Le Parti de gauche a obtenu un résultat médiocre, passant de 8 à 6,7 %. La direction du parti a fait une campagne d’inspiration étasunienne autour de la leader du parti Nooshi Dadgostar tout en essayant de se présenter comme les nouvelleaux sociaux-démocrates. L’un des leurs objectifs était de tenter de reconquérir les « travailleurs·euses des villages » attiré·e·s par les Démocrates de Suède. Le Parti de gauche a ainsi minimisé les questions qu’il pensait peu populaires auprès de cet électorat, comme, par exemple, l’OTAN ou changer de mode de vie pour sauver le climat. 

Le parti a également soutenu une proposition des partis bourgeois pour une forte réduction du prix de l’essence. En outre, ils·elles ont exigé d’entrer dans un éventuel gouvernement rouge-vert qui inclurait également le néolibéral Parti du centre. En conséquence, le Parti de gauche a perdu des voix, en particulier parmi les travailleurs·euses qu’il a essayé d’atteindre – tandis que les Démocrates de Suède ont poursuivi leur ascension dans cet électorat. 

Le Parti de gauche et les sociaux-­démocrates se sont bien maintenu·e·s dans les grandes villes.

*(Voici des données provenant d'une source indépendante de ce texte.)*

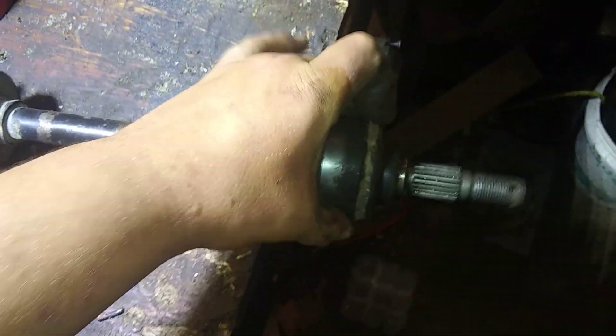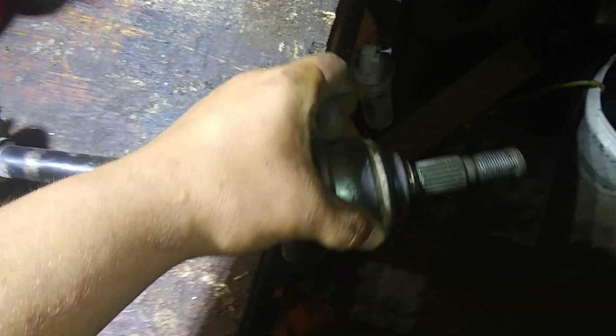In my last video of the carnage, I was showing this just going clicky clicky and not working.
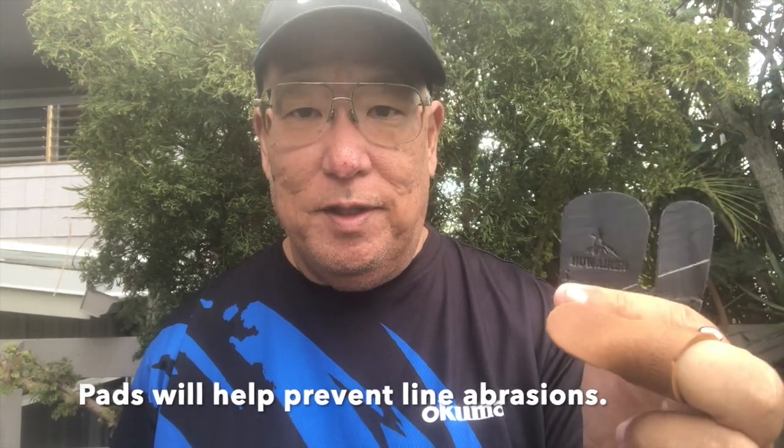Thumb pads are normally made from leather and are very common for archery users, but you can also use them for fishing. Wet the leather first, and when you tap your spool it will put on the brakes. Back in the day we used to cut bicycle tube, but the rubber grips the line. The leather thumb pad just skims across it, so you have better control and will not get braid cuts.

La Suède rappelle ainsi de nombreux autres pays européens avec des grandes villes rouges et une campagne bleue – ou brune-bleue.

Il est clair que les forces qui offrent aujourd’hui une résistance à la vague de droite se trouvent parmi les mouvements qui luttent contre la crise climatique, le racisme, le sexisme et l’austérité sociale. Certains syndicats se sont également radicalisés, surtout dans les secteurs de la protection sociale et des services publics. Aujourd’hui, la gauche a une tâche énorme pour construire une large contre-offensive avec ces forces, centrée sur la crise climatique et la défense de l’État-providence.